# EXERCISE OBJECTIVE
Please output only the lines that begin at the line with "Kintú Pass screenshot 4" and run through the end of the entries below, exactly as written. Drop all pictures.

# SOURCE DATA

━━━

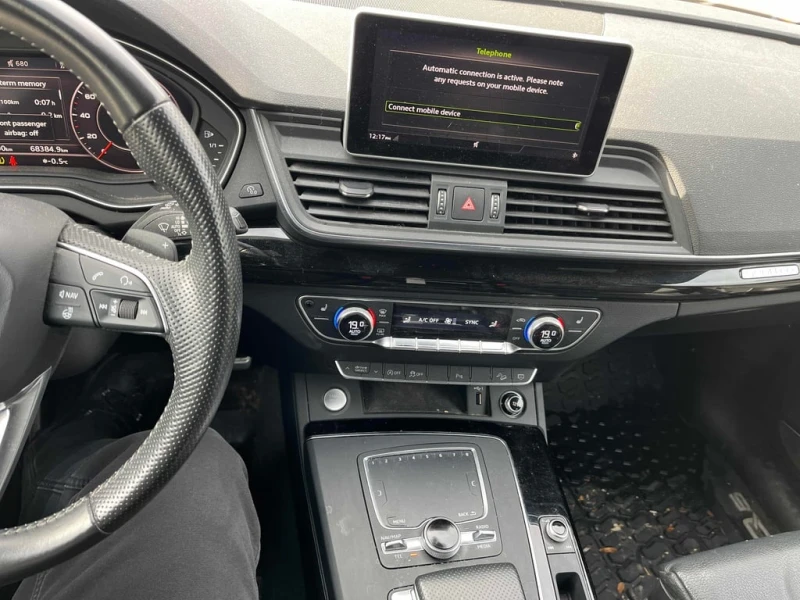 Audi Q5 * Technik * CARFAX * ЦЕНА ДО БГ, снимка 9 - Автомобили и джипове - 52863744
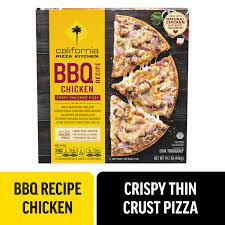 To check your california pizza kitchen gift card balance, go to the gift cards page. California Pizza Kitchen Bbq Recipe Chicken Crispy Thin Crust Frozen Pizza 14 7 Oz Walmart Com Walmart Com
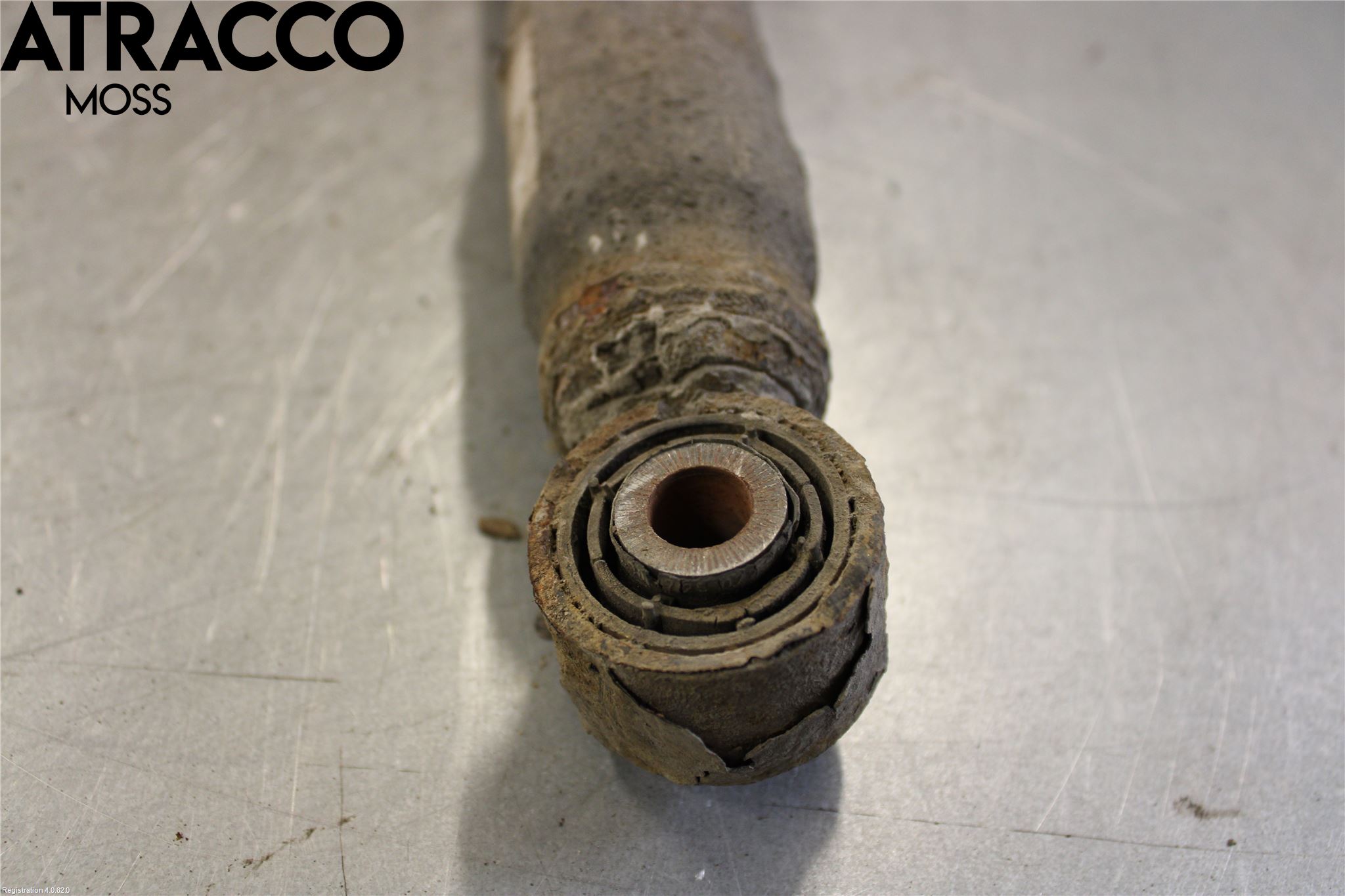 Skoda OCTAVIA (1Z) 05-13 Fjær Bak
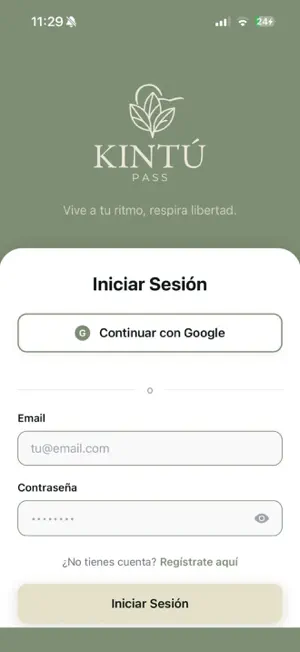 Kintú Pass screenshot 4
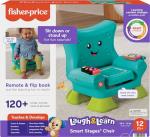 Fisher-Price Laugh & Learn Smart Stages Chair
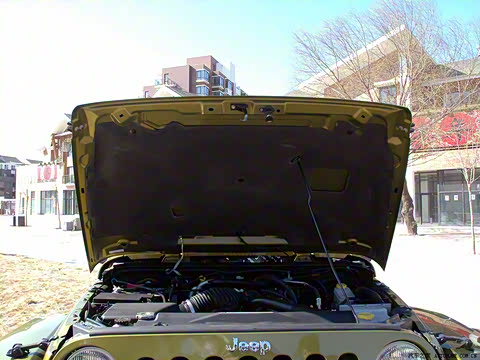 2008�� 3.8L Sahara ���Ű�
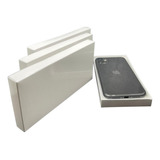 12x Caixas Preta Para Celular iPhone Vitrine Com Espuma Luxo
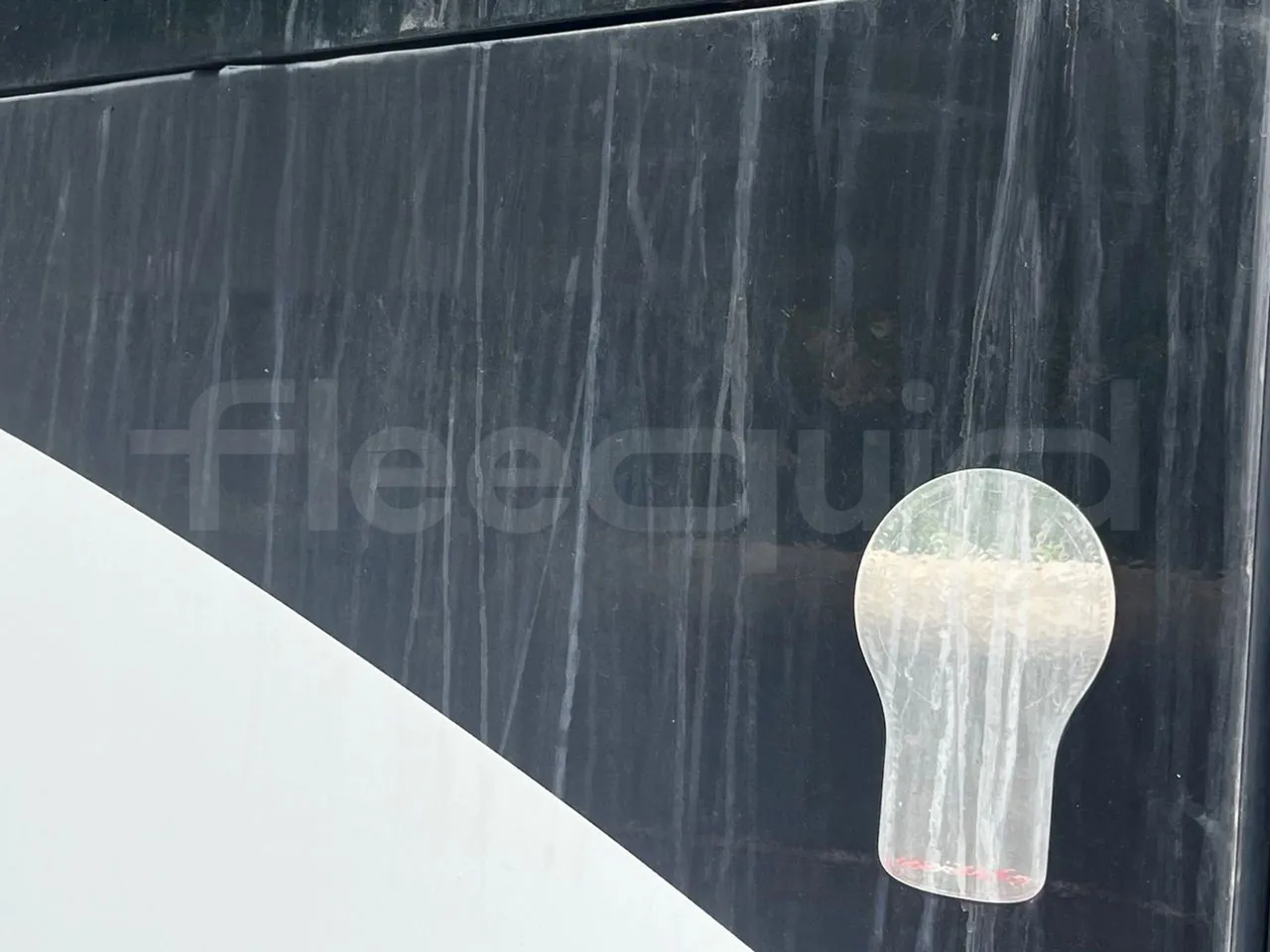 Iveco Magelys - right side doors closed
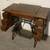 ✨ Vintage Singer Sewing Machine Table / Desk – Cast Iron Base ✨  🧵 Au 2 thumbnail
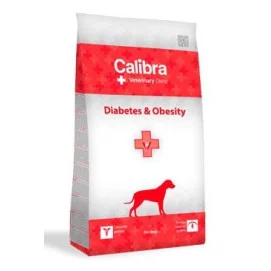 Calibra VD Dog Diabetes&Obesity 12kg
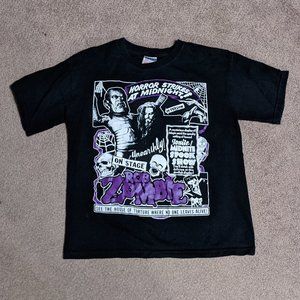 Rob Zombie Horror Show t-shirt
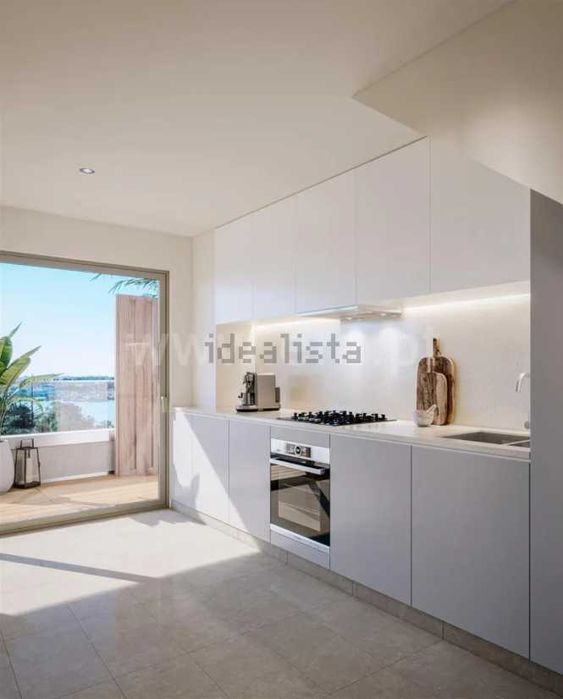 Apartamento T1 NOVO a Estrear Seixal Baia #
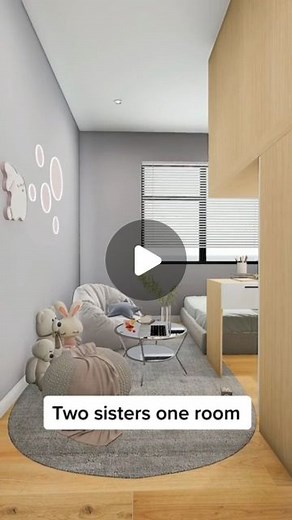 Product Insider | Small bedroom design for two ❤ Rate the design from 1-10🤩 ☆☆☆☆☆ 🔸️ Follow @my.room.design for more Bedroom Design inspiration ! 🔸️ Turn... | Instagram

━━━

# RESULT FOR THIS TASK
 Kintú Pass screenshot 4
 Fisher-Price Laugh & Learn Smart Stages Chair
 2008�� 3.8L Sahara ���Ű�
 12x Caixas Preta Para Celular iPhone Vitrine Com Espuma Luxo
 Iveco Magelys - right side doors closed
 ✨ Vintage Singer Sewing Machine Table / Desk – Cast Iron Base ✨  🧵 Au 2 thumbnail
 Calibra VD Dog Diabetes&Obesity 12kg
 Rob Zombie Horror Show t-shirt
 Apartamento T1 NOVO a Estrear Seixal Baia #
 Product Insider | Small bedroom design for two ❤ Rate the design from 1-10🤩 ☆☆☆☆☆ 🔸️ Follow @my.room.design for more Bedroom Design inspiration ! 🔸️ Turn... | Instagram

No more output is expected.